The mutual confidentiality clause in Eldridge's separation agreement is unusual for county employees, according to Carotti's email.
"As far as I am aware, we have never produced a separation agreement with such a provision," Carotti wrote, though he noted the county did face a similar situation with the media regarding former Horry County Police Chief Saundra Rhodes, who retired in 2016 amid a state investigation of the police department. Four former officers were later indicted as part of that probe.
When Rhodes stepped down as Horry’s top police officer, she and county leaders quietly negotiated a deal. Rhodes was one year and seven months short of being fully vested in the state retirement system, so the county agreed to pay more than $61,000 so she could receive full retirement benefits.

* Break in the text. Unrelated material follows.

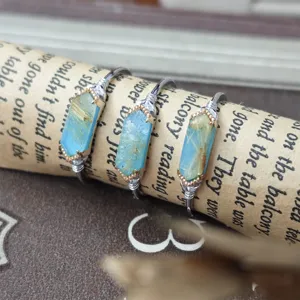 Close-up view of three silver rings with turquoise and rutilated quartz on vintage paper.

When this was done, county officials provided no explanation for the payout.
Carotti's email states that Rhodes' attorney did not consent to the county releasing her separation agreement.
But not providing a separation agreement would be a violation of state law, said Jay Bender, an attorney and expert on the state’s Freedom of Information Act (FOIA).

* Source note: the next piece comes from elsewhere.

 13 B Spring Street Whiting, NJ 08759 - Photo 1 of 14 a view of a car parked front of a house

“There’s no legal justification for withholding that contract,” he said.
Bender pointed out that state law is clear on this issue.

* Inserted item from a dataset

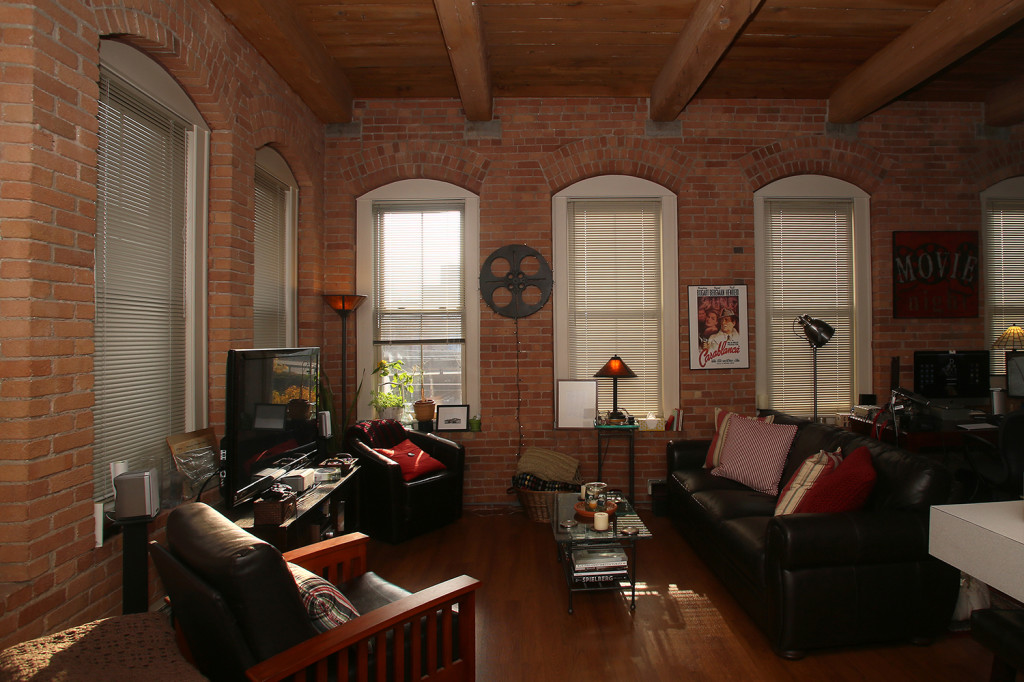 Apartments at Nettleton Commons, a former shoe factory, have exposed brick walls and wood ceilings. Gloria Wright Photo | Syracuse New Times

“The county cannot by contract avoid the requirement that the contract and payments made pursuant to are public records subject to mandatory disclosure,” he said.
Despite the county’s initial objection to releasing the Eldridge document, Myhorrynews.com reported the financial details on Tuesday, including that Eldridge would receive 15 months’ worth of compensation and a year of health insurance.
The contract reflects that reporting.
The administrator’s final salary was $217,599.86 and he also received a car allowance of about $10,000 per year.
Under the separation agreement, Eldridge’s resignation is technically not effective for one year but he is not allowed to perform any of the administrator's job duties or present himself as a representative of Horry County Government. He also had to turn over all county property.
Eldridge will receive bi-weekly compensation for a year and county benefits, including health insurance and his car allowance. He will also be paid for the vacation time he has accumulated.
Although the regular pay and benefits continue for a year, the county will divide the equivalent of three months of the administrator’s salary and make two payments: one to his lawyer and another to the state retirement system on Eldridge’s behalf.
The total separation package will cost more than $300,000.
Apart from the financial information, the contract states that Eldridge agreed not to sue the county and county officials said they would not publicly disparage him.
The document states that if anyone asks council members about Eldridge, they are to say "Chris Eldridge will no longer serve as Horry County Administrator. The County appreciates his many years of service to the citizens of Horry County."
Carotti reminded council members of this provision in his email to them on Thursday.
"Please, note, however, that under the terms of the Agreement, we are still restricted in what we can say regarding Chris’ separation from the County (no disparaging comments or conduct, no discussion of any matters contained in or relating the Agreement, comments limited to “Chris Eldridge will no longer serve as Horry County Administrator. The County appreciates his many years of service to the citizens of Horry County”, all inquiries by prospective employers directed to HR)," he wrote. "If questions come up about the Agreement, I would simply refer to the Agreement and say that I have nothing to add."
Eldridge had served as county administrator since 2012.
His most recent contract, which was signed in 2015, was scheduled to expire on April 21. However, the document included a provision that the contract would be automatically renewed on its anniversary date for one year unless the council gave him six months’ notice that the agreement would be terminated. The council did not provide that notice.
If the council had opted to fire Eldridge, his contract stipulated that he would still have been paid an equivalent of six months of his salary.